The $\infty$ in the upper limit is there to allow us to define any polynomial of an arbitrary degree. We know it will always a finite polynomial since we said that $f(n) \ne 0$ for at most finitely many $n$.

Thus what we've shown is that the space $R[x]$, constructed by focusing on the coefficients, defining their rules for polynomial multiplication, and realizing the polynomial structure we wanted, is in fact a ring! \

Note that if we don't assume that $f(n)$ is nonzero for finitely many $n$, then we'll end up constructing a different ring, know as the formal power series ring denoted $R[[x]]$. This has the same rules of addition and multiplication, so the ring structure doesn't change. The only thing that changes is that $R[[x]]$ includes infinitely long polynomials.

Thus, we see that $R[x] \subset R[[x]]$ and therefore $R[x]$ is a subring of $R[[x]]$.

In group theory there was a Subgroup Test which simplified the task of determine whether or not a subspace form a group or not. Fortunately, such a tool is available in ring theory.

[Subring Test.] Let $R$ be a ring and $S \subset R$. Then $S$ is a subring of $R$ if and only if, for all $x, y \in S$ we have that $x - y \in S$ and $xy \in S$.

($\implies$) Suppose $S \subset R$ is a subring.

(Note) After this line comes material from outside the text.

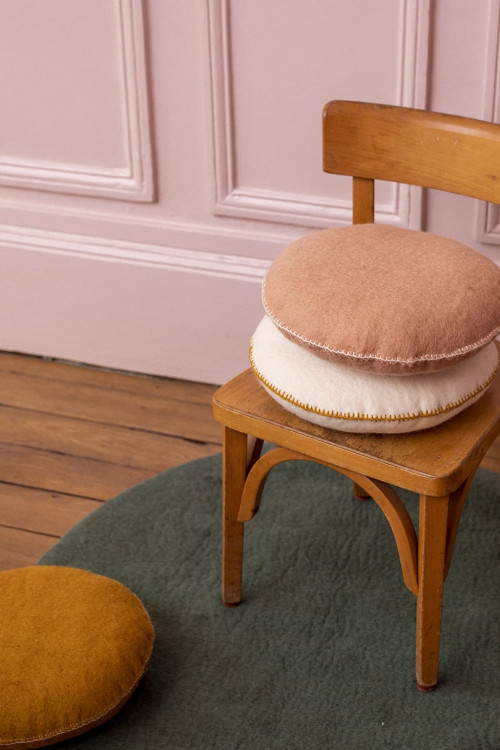 COUSSIN SMARTIES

Then certain $x - y \in S$ and $xy \in S$.

($\impliedby$) Suppose now that $x - y \in S$ and $xy \in S$ for all $x, y \in S$. The first condition immediately $(S, +)$ is a subgroup of $(R, +)$, since $x - y \in S$ for all $x, y \in S$ is just the subgroup test. Now observe that $xy \in S$ for all $x, y \in S$. Since $R$ is an abliean group under addition and is closed under multiplication of its elements, we have that $S$ is a subring of $R$ as desired.

It turns out that arbitrary intersections of subrings produce a subring, an important result we include here.

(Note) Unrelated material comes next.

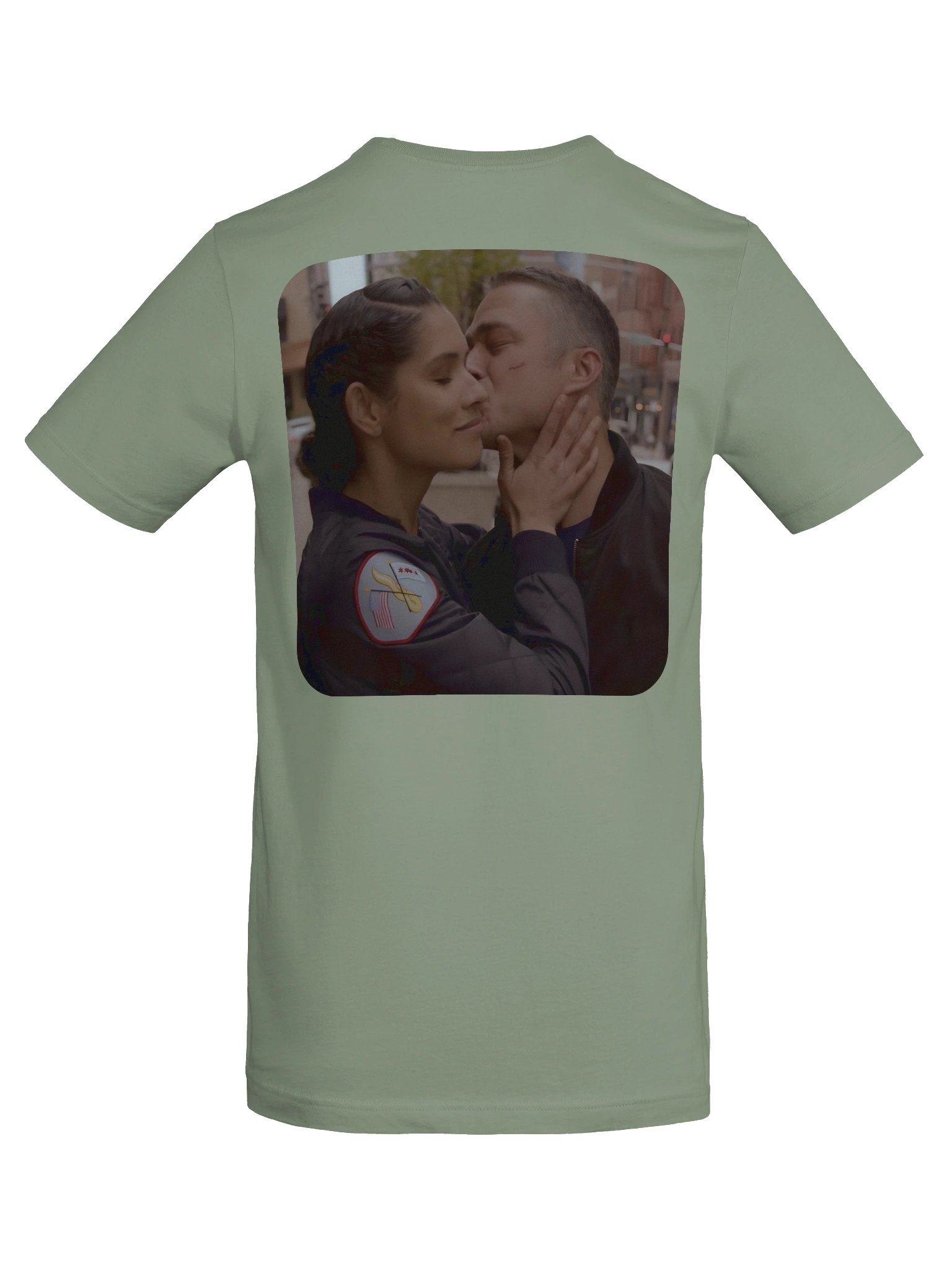 STELLA KIDD TEE product image (8)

Let $R$ be a ring and $\{S_\alpha\}_{\alpha \in \lambda}$ be a family of subrings of $R$. Then $S = \bigcap_{\alpha \in \lambda} S_\alpha$ is a subring of $R$.

From group theory, we know that the arbitrary intersection of subgroups is again a group. So $S = \bigcap_{\alpha \in \lambda} S_\alpha$ is an abelian subgroup of $R$. Therefore, we just need to check that $S$ is closed under multiplication.

From group theory, we know that the arbitrary intersection of a family of subgroups is a group. Thus $S$ is an abelian group, and we just need to check that it is closed under multiplication.

For any $s, s' \in S$ we know that $s, s' \in S_\alpha$ for all $\alpha \in \lambda$. Since each subring is obviously closed under multiplication we see that $ss' \in S_\alpha$ for all $\alpha \in \lambda$. Hence, $ss' \in S$ as desired.